His advice: cultivate a small area of scrupulously manicured grass and highlight it with a focal point, perhaps a metal garden ornament, then transition to a good groundcover.

Like gardeners, plants have distinctive personalities. Duncan admires crape myrtle for its beautifully peeling bark and vividly colored flowers, as well as the tree’s moderate size, which makes it ideal for patio plantings. Mahonia, an evergreen shrub, boasts bold foliage even in deep shade, and is equipped with spiky leaves that deer can’t abide.

Sedum is cloaked in a variety of colors, ranging from gold to deep and light greens and blue-gray. “We use sedums on our green roofs because they can grow in literally a few inches of bone-dry soil without irrigation,” he says. “They are very cool plants.”
 


GET THE LOOK

  • Give your outdoor room structure by introducing an architectural focal point such as a column, oversized pot or substantial garden ornament.
     
  • Mix it up.
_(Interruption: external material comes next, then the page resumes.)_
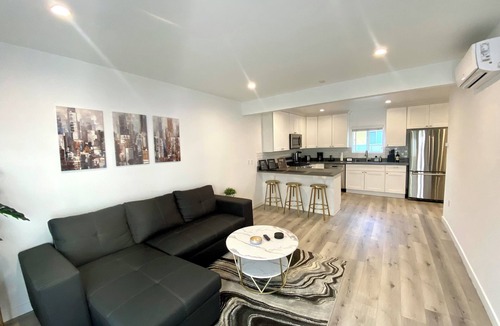 Greater Wilshire - Hancock Park Hotel | Miracle Mile Chic 1 BR Bungalow Apt + Parking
Add lots of diverse plants to your garden, as well as a variety of hardscaping materials, including stone, brick and wood.
     
  • Clip your reliance on grass. Consider other groundcovers, including wildflowers and other perennials that do not require mowing.
     
  • Go tropical. Bring in palms and other warm-weather plants during the summer months. Plant them in large pots you can move around your patio or bring inside.
     
  • Let there be light. In addition to lighting pathways to ensure the safety of people walking outdoors, consider illuminating trees with uplights and downlights and spotlighting such features as ponds, and stone walls.